Provisional Patent Applications
Provisional patent applications do not require claims or a declaration of the inventor, and they require about a filing fee which is much less than for a regular patent application.
The provisional patent application does not start the 20-year-from-filing term, but it can be relied on for priority in a later, complete, patent application filed within a year (but only to the extent of what it discloses).
Under the Paris Convention, the provisional patent application can be relied on for priority in foreign countries as well.
A provisional application is not a substitute for a full patent application – rather, it is to be used in conjunction with a regular, full patent application.
A provisional application can be useful for:
(1) establishing an early priority date for full patent applications (the U.S. and most foreign countries have a “first-to-file” rule – if several different inventors file patent applications on the same invention, the inventor with the earliest priority date typically gets a patent – in the US in some instances an early public disclosure can be relied on for priority in a patent application filed within a year);
(2) insuring to some extent against unknown potentially patent-barring events (such as an offer of sale, a public use, or a publication or disclosure anywhere in the world describing the invention) which may occur after the provisional patent application is filed, but before the full patent application is filed;
(3) effectively extending the term of a U.S. patent by one year (from 20 to 21 years);
(4) allowing an inventor who has no interest in foreign patents to mark his invention “patent pending” while he markets it; and
(5) insuring to some extent against potentially patent-barring events (such as an offer of sale, a public use, or a publication or disclosure anywhere in the world describing the invention) made by or through the inventor which may occur less than a year before the provisional patent application is filed, but more than a year before the full patent application is filed.

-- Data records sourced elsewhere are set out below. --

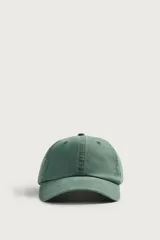 Gorra de seis paneles confeccionada en tejido de algodón con efecto suavemente lavado y visera curva, cuenta con ajuste en la parte posterior.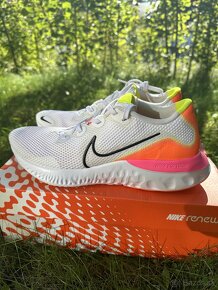 Nike Renew - bezecke tenisky - 3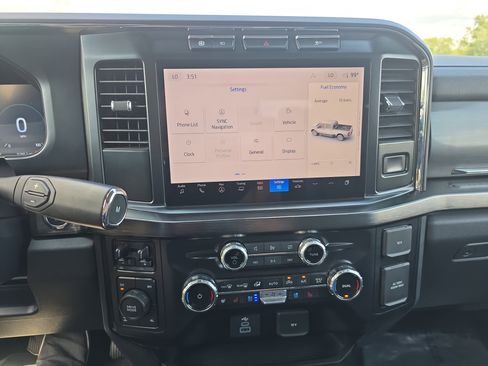 Used 2024 Ford F350 Lariat w/ Camper Package image 25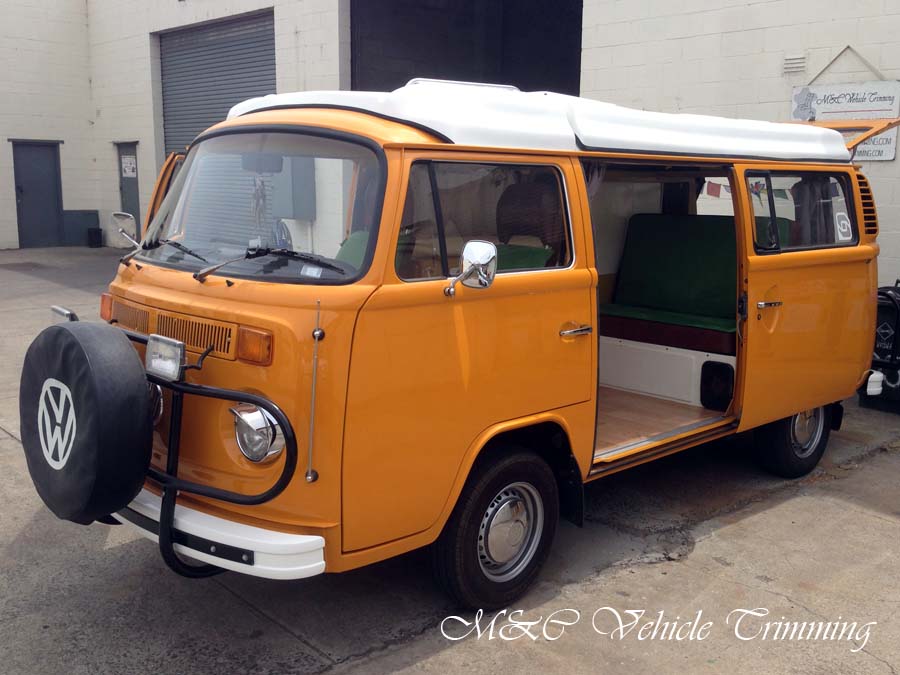 Volkswagen Kombi Bus 1977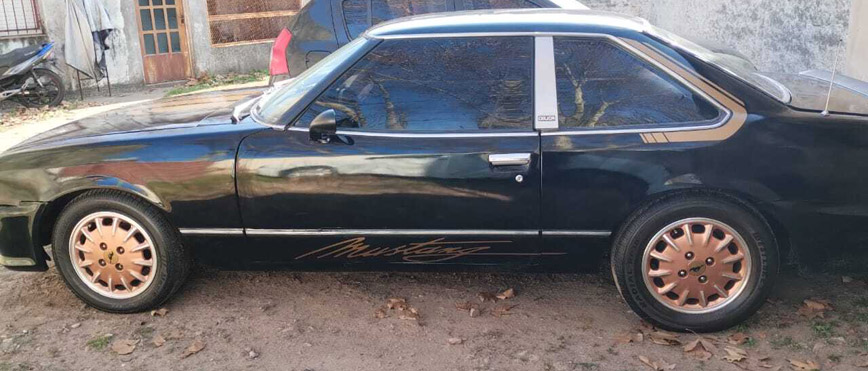 Toyota Célica 1980 - Foto 4
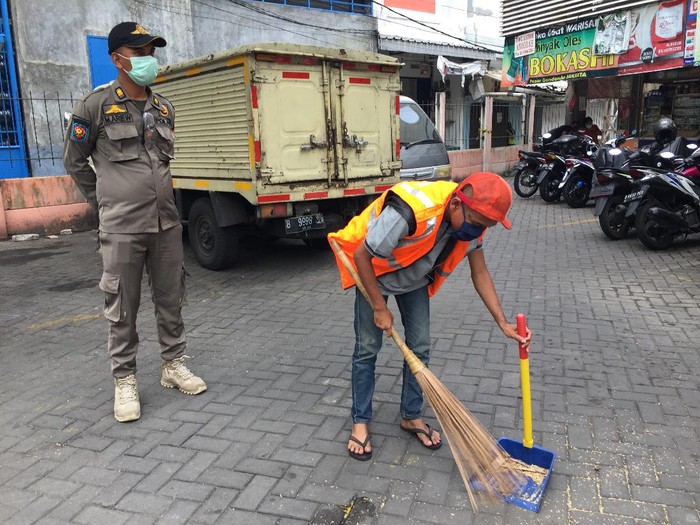 Pelanggar PSBB DKI dihukum bersih-bersih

Provisional patent applications are not examined; they are automatically abandoned one year from the date of filing.
If the invention is not fully supported and disclosed in a provisional application, that provisional application may be of little or no value. A provisional application prepared by an inventor should never take the place of a complete, attorney-prepared patent application. If the provisional application is missing critical written description or detail in the drawings, it may not be sufficient to afford priority to the inventor in a later patent application. The more complete a provisional patent application is, the more useful it is. Ideally, a provisional patent application would contain as much information as a regular, full patent application.
If patent protection based on the provisional patent application is desired, within a year of the filing date of the provisional application, a full patent application describing and claiming the invention must be filed. In order to assure that foreign patent rights are preserved, it is preferable that the full patent application be filed before any non-confidential disclosure of the invention is made. If the invention was disclosed non-confidentially or put on sale before the provisional application was filed, then the full application should be filed within a year of the date of the disclosure or placing on sale.
An inventor who wishes to get patent pending protection for his invention as quickly as possible would: (1) immediately file a provisional patent application; (2) quickly have an expedited patentability search run; (3) have a more extensive patent application, which takes into account the results of the patentability search, prepared and filed on an expedited basis; and (4) file a PCT application and perhaps other foreign applications within a year of the provisional patent application filing date. Depending in part upon the technology involved, the activity in that technological field, the inventor’s resources, and the potential value of the invention, such a course of action can range from extremely prudent to bordering on extravagant. This is not a recommended course of action for everyone – however, everyone should be aware of this possibility so that an informed decision to forego it can be made.